Let \[I = \int {\frac{x}{{\sqrt x + 1}}} dx\]

Let’s put \[\sqrt x = t \Rightarrow \frac{1}{{2\sqrt x }}dx = dt\]

\[ \Rightarrow \] \[dx = 2\sqrt x dt\]

therefore,\[I = 2\int {\left( {\frac{{x\sqrt x }}{{t + 1}}} \right)} dt = 2\int {\frac{{{t^2} \cdot t}}{{t + 1}}} dt = 2\int {\frac{{{t^3}}}{{t + 1}}} dt\]

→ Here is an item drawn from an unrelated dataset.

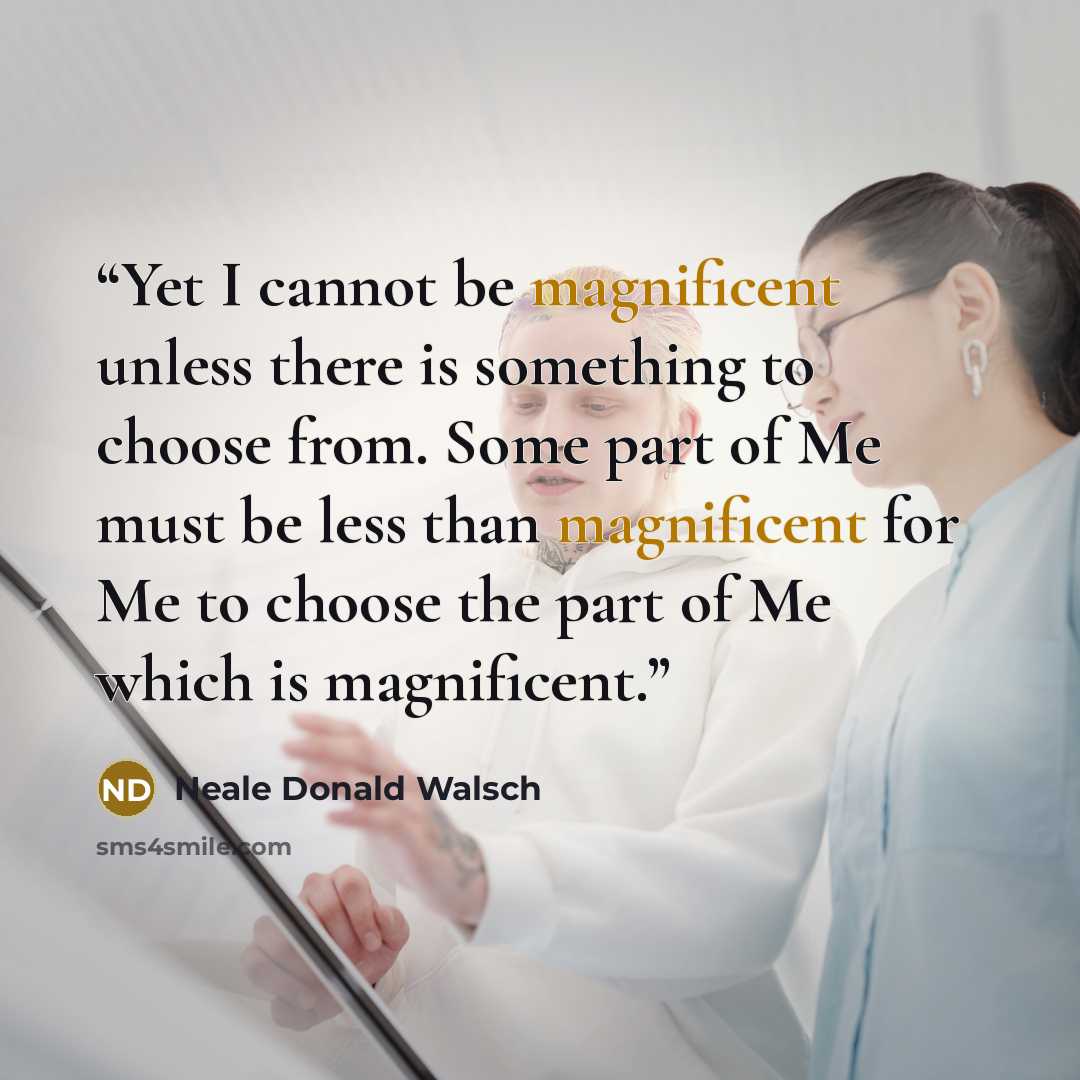 “Yet I cannot be magnificent unless there is something to choose from. Some part of Me must be less than magnificent for Me to choose the part of Me which is magnificent.” quote by Neale Donald Walsch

\[ = 2\int {\frac{{{t^3} + 1 – 1}}{{t + 1}}} dt = 2\int {\frac{{(t + 1)\left( {{t^2} – t + 1} \right)}}{{t + 1}}} dt – 2\int {\frac{1}{{t + 1}}} dt\]

\[ = 2\int {\left( {{t^2} – t + 1} \right)} dt – 2\int {\frac{1}{{t + 1}}} dt\]


\[ = 2\left[ {\frac{{{t^3}}}{3} – \frac{{{t^2}}}{2} + t – \log |(t + 1)|} \right] + C\]


\[ = 2\left[ {\frac{{x\sqrt x }}{3} – \frac{x}{2} + \sqrt x – \log |(\sqrt x + 1)|} \right] + C\]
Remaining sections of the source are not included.